The arbitration decision comes only a week before voters are being asked to approve Gov. Andrew M. Cuomo’s plan to expand gambling in New York, with up to seven full-scale casinos (containing both electronic slot machines and table games like poker, roulette, craps and blackjack), with hotels, shops and entertainment sites. Resorts World and eight other slot parlors in the state that are connected to racetracks — and are known as racinos — have only electronic games.
Proponents have long argued that the casinos would bring economic development and tax revenues earmarked for education and property tax relief. Critics contend that gambling represents a regressive tax whose costs outweigh any benefits.
At the urging of the Hotel Trades Council, state officials required slot parlor operators to sign “labor peace agreements” that they hoped would ensure jobs with decent wages and working conditions. Mr. Cuomo’s plans for full-scale casinos include a similar requirement.
But if voters approve the casinos, there is no guarantee that casino workers upstate, where unions are weaker, would have the leverage to obtain the same pay as those at Resorts World.
Resorts World is owned by the Genting Group, a Malaysian company that operates a network of casino-resorts in Britain and Asia. It opened Resorts World in October 2011, after bidding far more — $381 million — than two other operators for the slot franchise at Aqueduct. The company spent about $420 million building the casino, which has 4,525 electronic slot machines and 475 electronic table games.
With more than 5.6 million people living within 10 miles of Resorts World, the slot parlor has been crowded night after night.
Resorts World boasts that the giant slot parlor attracts 35,000 visitors a day and more than 12 million a year. It posted revenues of $696.5 million in the year ended in March, 38 percent of the $1.8 billion in combined revenues for all nine racinos in the state.
The electronic slot machines at Resorts World averaged $432 a day last month, far more than slot machines in Las Vegas, Atlantic City or Connecticut.
After most workers signed union membership cards from the Hotel Trades Council, the union and Genting began negotiating a labor contract.
The two sides reached an impasse on economic issues a year ago, so the union invoked the arbitration clause under its agreement with Genting. In making his decision, the arbitrator selected by both sides, Elliott D. Shriftman, considered the success of the business, the paycheck necessary for full-time workers to sustain themselves, their spouses and their children without government assistance, and the company’s ability to pay.
Rather than open its books, Genting conceded that it could pay higher wages.
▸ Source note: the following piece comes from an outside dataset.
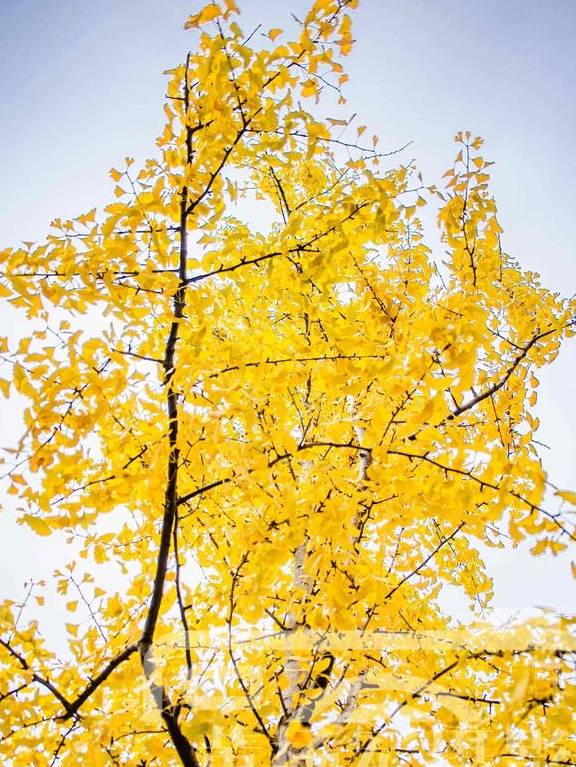 原创 遇见冬日美丽的银杏,山间景色特别动人,十二月的银杏叶金灿灿4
“We respect and will implement the arbitrator’s award as required and will continue tofocus our efforts on improving our facility,” Kerri Lyon, a spokeswoman for Resorts World New York City, said in a statement released on Sunday.
“This will restore a path into the middle class for workers in that community that has been eroded over the last several years, given the broader changes in the city economy,” said James A. Parrott, chief economist for the Fiscal Policy Institute, a liberal research group. “You can see a big drop-off in African-American and Latinos working in city government.”